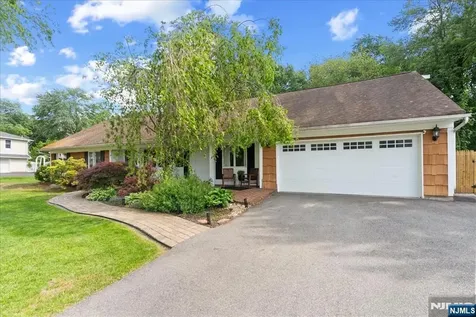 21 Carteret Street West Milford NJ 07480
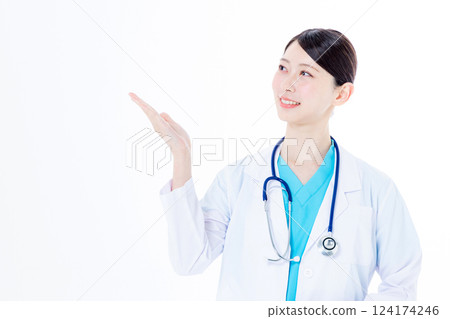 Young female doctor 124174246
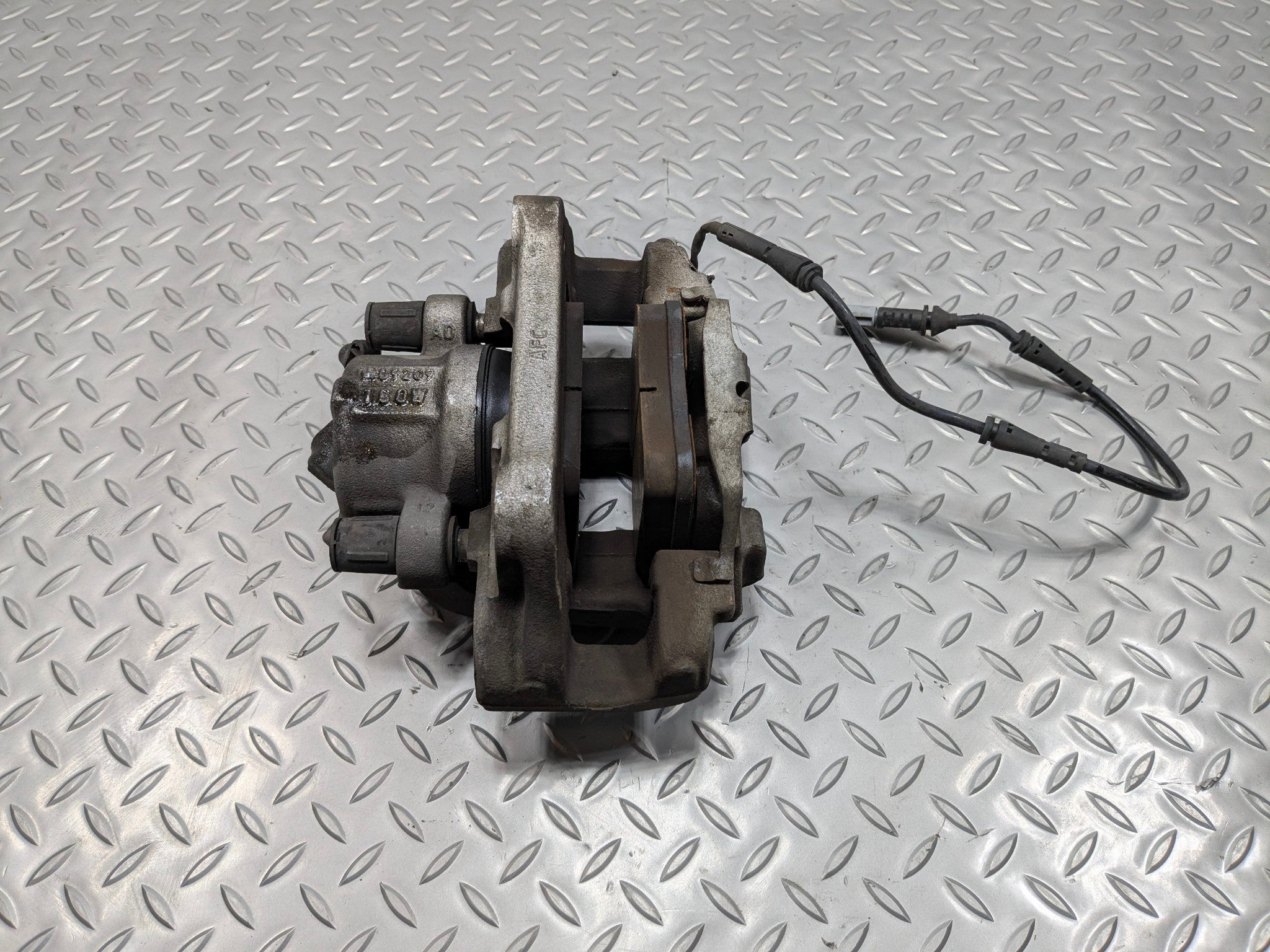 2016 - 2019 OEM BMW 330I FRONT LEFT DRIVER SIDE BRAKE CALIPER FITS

-- -- --

* **PROBLEM DETAILS**
What is needed is a verbatim copy of the lines running from the one with "Young female doctor 124174246" through the last line of the listing above, excluding any pictures.

* **OUTPUT**
 Young female doctor 124174246
 2016 - 2019 OEM BMW 330I FRONT LEFT DRIVER SIDE BRAKE CALIPER FITS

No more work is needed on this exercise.